Modeling and Experimental Validation of Anomalous Moisture Absorption of Micro and Nanocomposite Laminates

Abstract

Susceptibility of polymeric composites to moisture has been well known for several decades. Most high performance epoxy or bismaleimide (BMI) resins and their fiber-reinforced composites may absorb up to 5 wt% moisture which could lead to 10-30% reduction in various mechanical properties, including flexural strength, stiffness, impact resistance, and interlaminar shear strength (ILSS). In particular, fiber-matrix interface and process-induced defects such as microvoids often act as moisture storage sites, thus increasing the maximum intake level. It has been common practice to use a Fickian model to characterize the diffusion of moisture into polymeric composites. However, in several high-performance and mission critical applications, more sophisticated models accounting for the edge effects, anisotropy of absorption, molecular interactions, and interfacial storage are required to fully describe the long- and short-term moisture absorption dynamics. In this article, a model that combines the classical Fickian behavior and diffusion hindrance due to molecular bonding is used to explain anomalous absorption.
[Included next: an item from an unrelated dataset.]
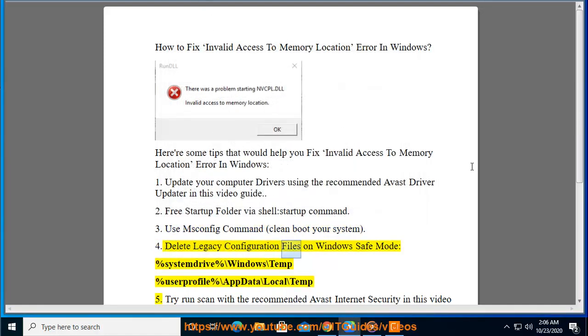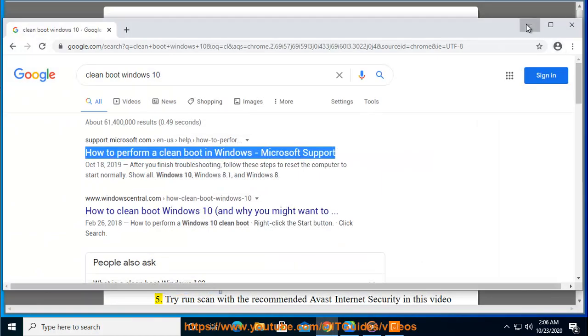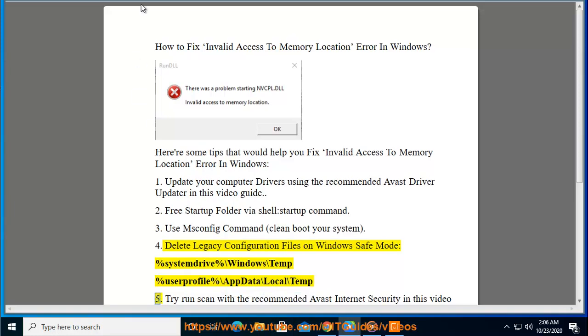Delete legacy configuration files on Windows safe mode: %systemdrive%\Windows\Temp %userprofile%\AppData\Local\Temp. Try run scan.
The hindered diffusion model (HDM) is shown to predict both short-term Fickian and long-term anomalous, non-Fickian absorption behavior often observed in structural composites. The total amount of absorption is shown to be the sum of bound and unbound liquids, which are coupled through a differential diffusion and a temporal storage model. The accuracy of the model predictions is discussed by comparing the model predictions with the experimentally measured mass gain of graphite/epoxy laminates and clay/epoxy nanocomposites. It is shown that the anomalous moisture absorption dynamics observed in these laminates can be accurately predicted by the hindered diffusion model.